EXERCISE AIM -> After locating the line with "Комод деревянный" in the entries below, set down exactly that line and each one after it to the end, skipping pictures.

SOURCE MATERIAL ->
⟨
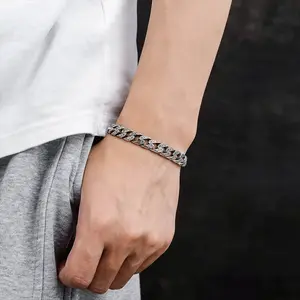 Cuban Men's Lucky Charm Bracelet - Vintage Birthday Gift. Durable, stylish, and classic, suitable for any occasion. Vintage style, high quality, and long-lasting accessory.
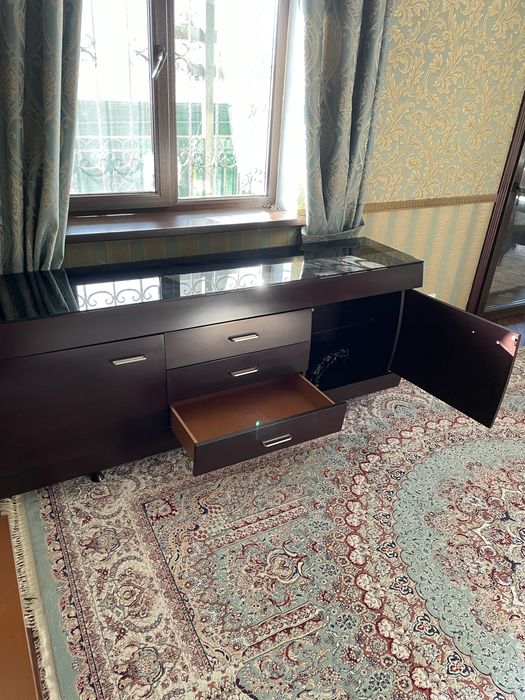 Комод деревянный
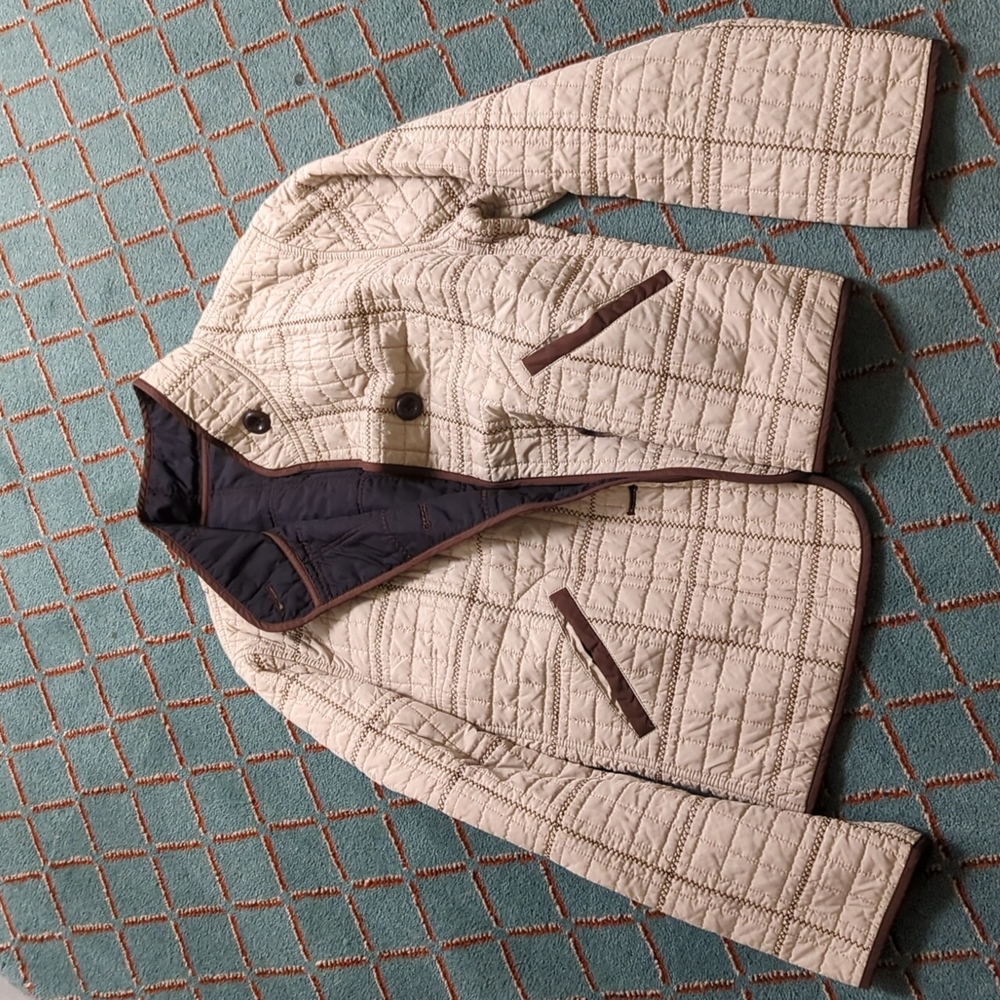 Women's reversible quilted jacket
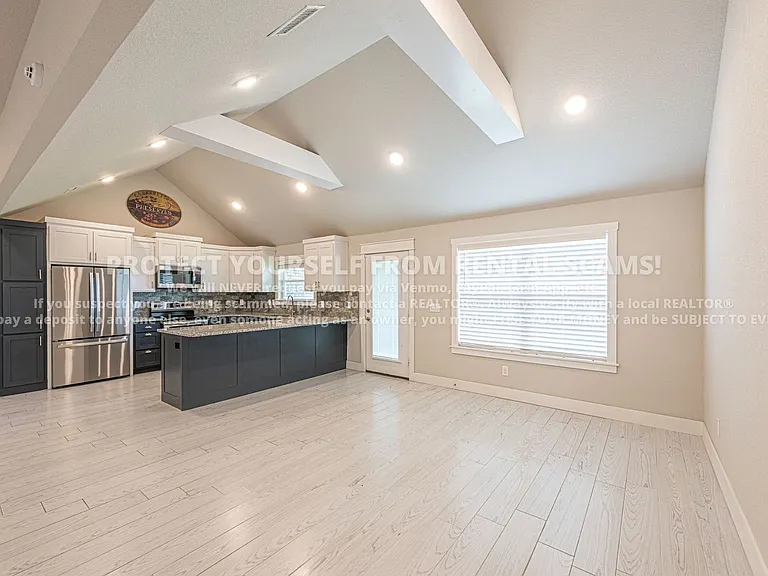 313 N Tacoma St — Photo 5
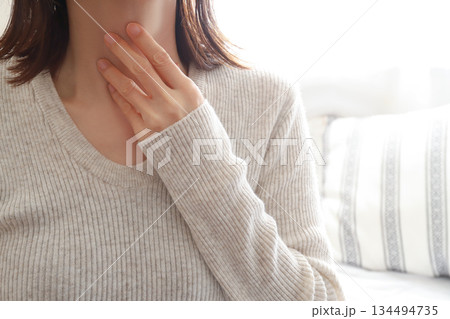 喉の不調　風邪 134494735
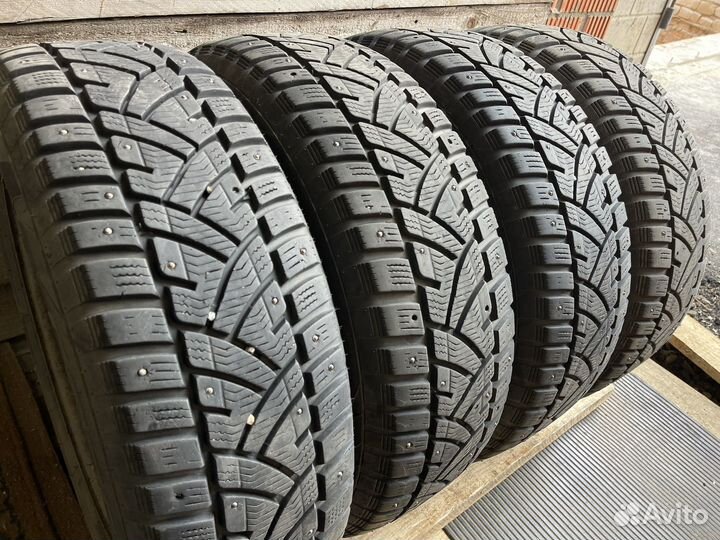Cooper Weather-Master S/T 3 195/65 R15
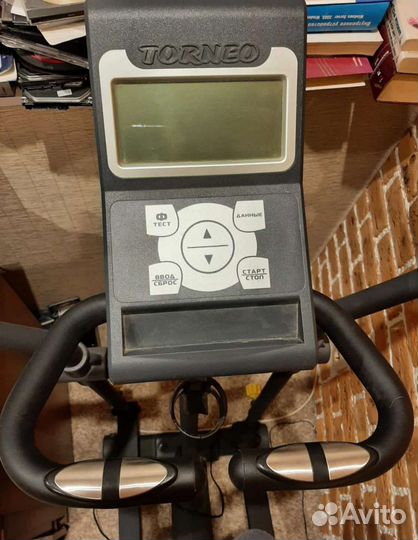 Эллиптический тренажер torneo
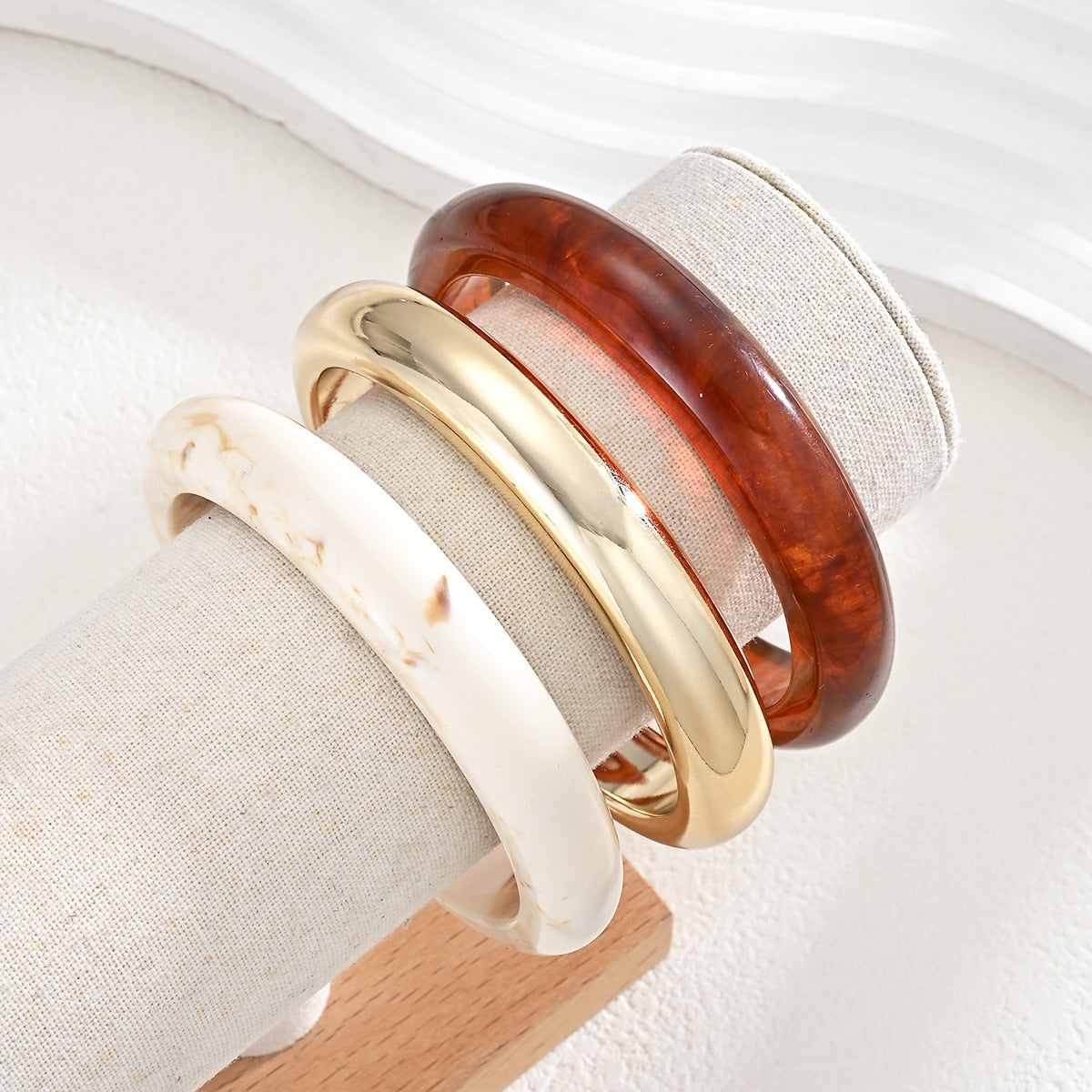 Damen Armband-Set mit eleganten, glänzenden Designs Shop Nory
⟩
EXERCISE RESPONSE ->
 Комод деревянный
 Women's reversible quilted jacket
 313 N Tacoma St — Photo 5
 喉の不調　風邪 134494735
Cooper Weather-Master S/T 3 195/65 R15
 Эллиптический тренажер torneo
 Damen Armband-Set mit eleganten, glänzenden Designs Shop Nory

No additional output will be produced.